The Pacific Health Innovation eXchange, or PHIX, is a new initiative in BC that is designed to facilitate the adoption of innovation in the healthcare system, beyond pilot projects. It is a partnership founded by Vancouver Coastal Health, VCH Research Institute, VGH & UBC Hospital Foundation and the University of British Columbia. PHIX is a research and innovation hub with a mandate to evaluate innovations to improve patient care, to facilitate the commercialization of innovations created through BC and Canada’s investments in health research, and support the growth of health innovation companies in British Columbia. PHIX will use a commercial model to manage its finances, which will enable PHIX to adopt commercial accounting practices, enter into risk-sharing partnerships with industry, and to hold equity investments in new health enterprises.

Here are some of the challenges that PHIX is addressing:

• There is no formal pathway for innovators to interact with the healthcare system. PHIX is a single point of contact for innovators, entrepreneurs and businesses to engage with the healthcare system in relation to new products, services and practices.

• PHIX is creating a new process to evaluate the impact of innovations on healthcare delivery. The evaluation process will seek to quantify both improvements in patient outcomes and delivery of a clear return on investment.

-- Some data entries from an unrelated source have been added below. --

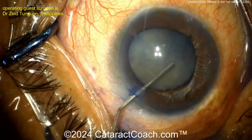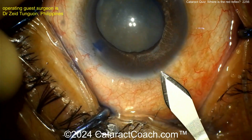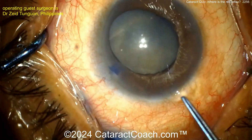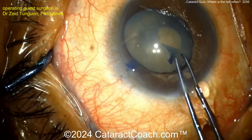Is there a gap in zonular support that's allowing trypan blue dye to go into the vitreous cavity? I think that's our issue. Let's see the main incision being made here, and now let's start the rhexis. The capsule looks pretty reasonable — a good-looking rhexis here.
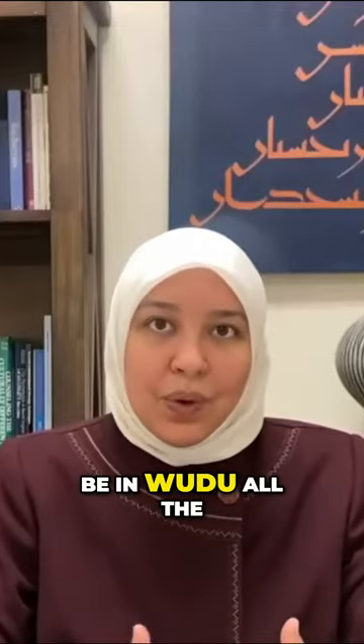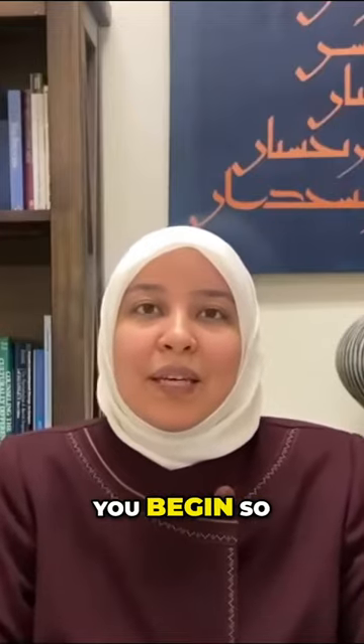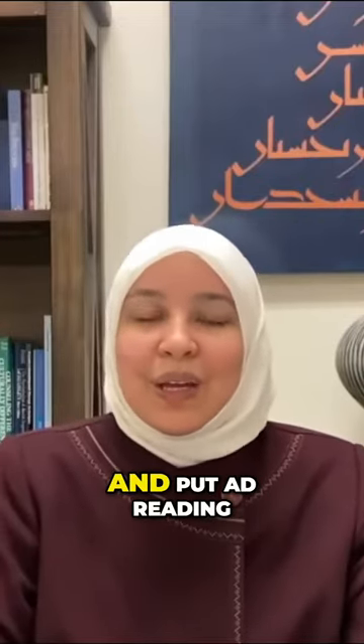You don't have to be in wudu the entire time you're in Atikaf, but it is recommended to be so before you begin, so that you're able to engage in prayers and Quran reading and such.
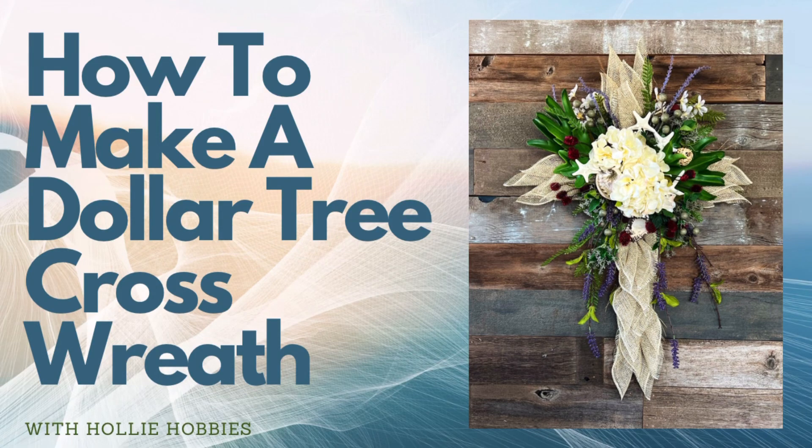Hi, welcome back to Holly Hobbies! Let's make this easy cross wreath together using a Dollar Tree wreath frame. This wreath is beginner friendly and the results are spectacular, so let's have some fun and get started and craft this gorgeous spring Easter wreath together.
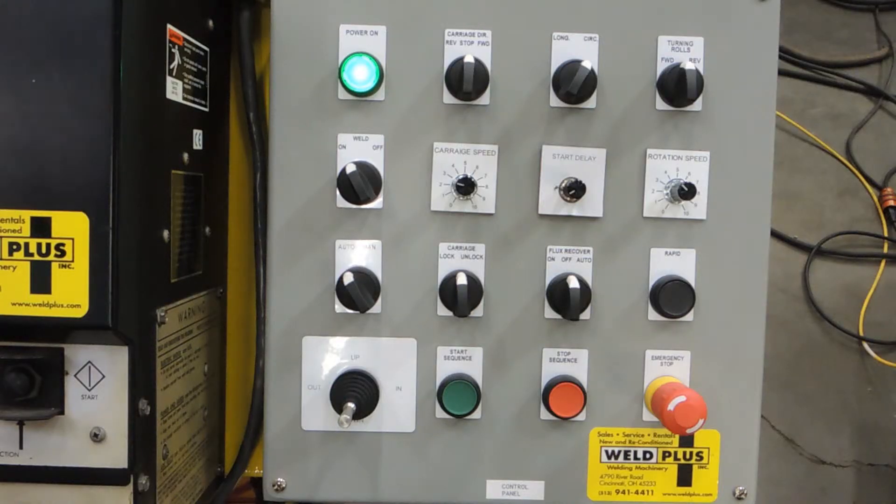Next you see the flux recovery, which has the ability of being set to on, off, or auto. And then the furthest button on the right side is the rapid button for the turning rolls.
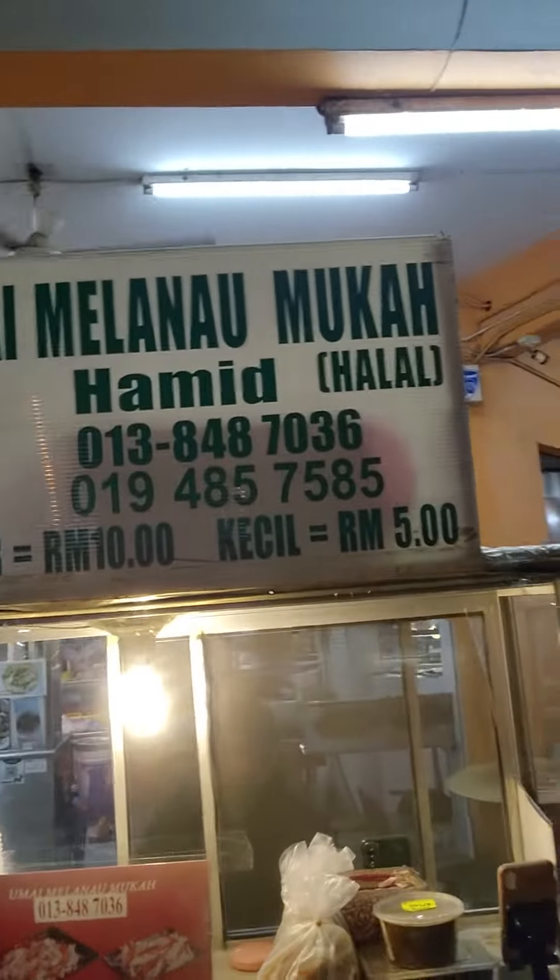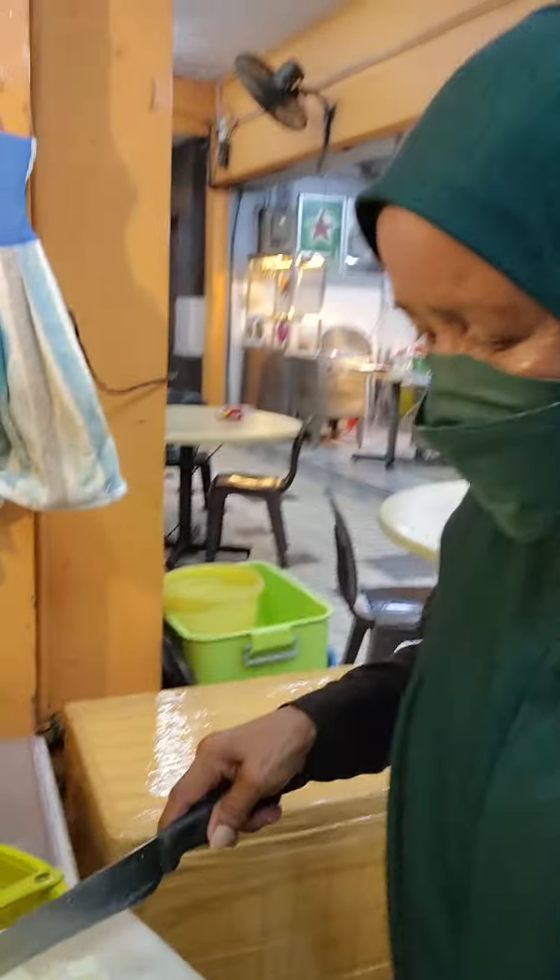I'm going to try this from the Melanao store — it's called umai. Melanao umai is actually very popular in Malaysia, in Sarawak. I'll show you — it's more than just Melanao food.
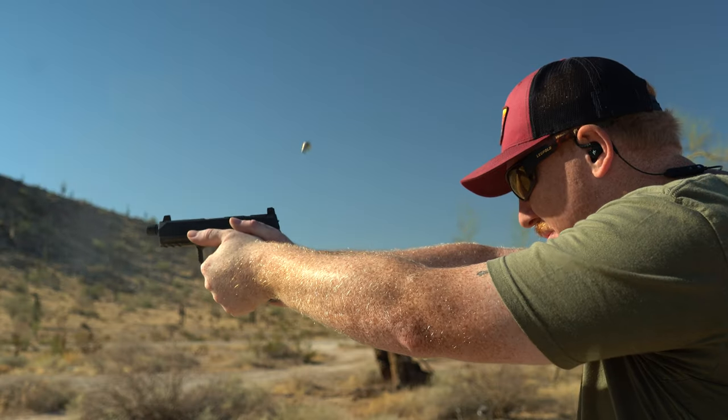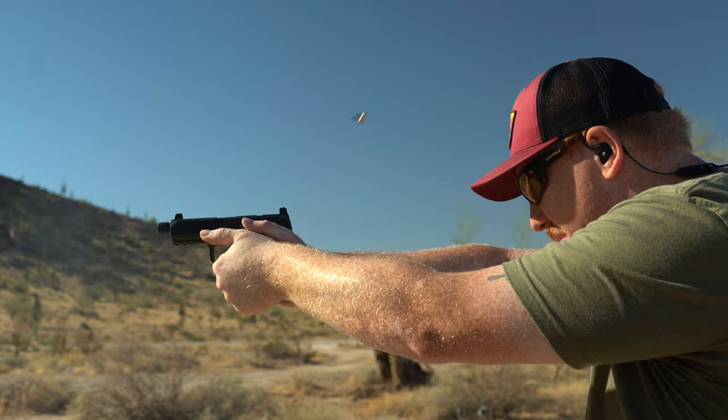Hey guys, this is John with True Shot Gun Club, and today we're going to be talking about Tehran 115 grain 9mm ammunition. This is a new product to us. It is a brass case, boxer primed, full metal jacket with a lead core 9mm ammunition going at 1,213 feet per second.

• Current procurement practices are very cautious, which can be a barrier to purchasing the most efficient and effective innovations. PHIX is working with policy makers and purchasing teams to address the legal requirements of transparency and fairness at the start of the conversation with innovators. The intent is to enable the healthcare system to be an effective customer, able to purchase new solutions that provide demonstrable value.

• PHIX will focus on innovations and solutions that address major challenges in healthcare delivery, such as moving care from within expensive acute care hospital wards to the home or community, and supporting improved management of chronic health conditions.

• PHIX will work with the healthcare system to implement successful pilot innovations and facilitate the development of treatment options with the potential to be scaled commercially.

• Gene sequencing and genomics offer great potential for health prediction and prevention and for personalized treatments. PHIX is exploring new business models that can maintain accountability and affordability while bringing the benefits of gene technologies to healthcare delivery.

VCH and its partners involved with PHIX are taking a strategic approach to the opportunities and challenges of delivering healthcare in the 21st Century, building on BC’s leading health research and excellent clinical care. Creating a sustainable healthcare system requires change and a certain amount of risk. PHIX is an intentional approach to assess and validate new approaches to ensure measurable gains and value. It will create a new pathway to evaluate health innovations, create a new integrated model to prioritize innovative research and fuel the next generation of innovations to benefit British Columbia and beyond.

Mary Ackenhusen is president and CEO of Vancouver Coastal Health (VCH).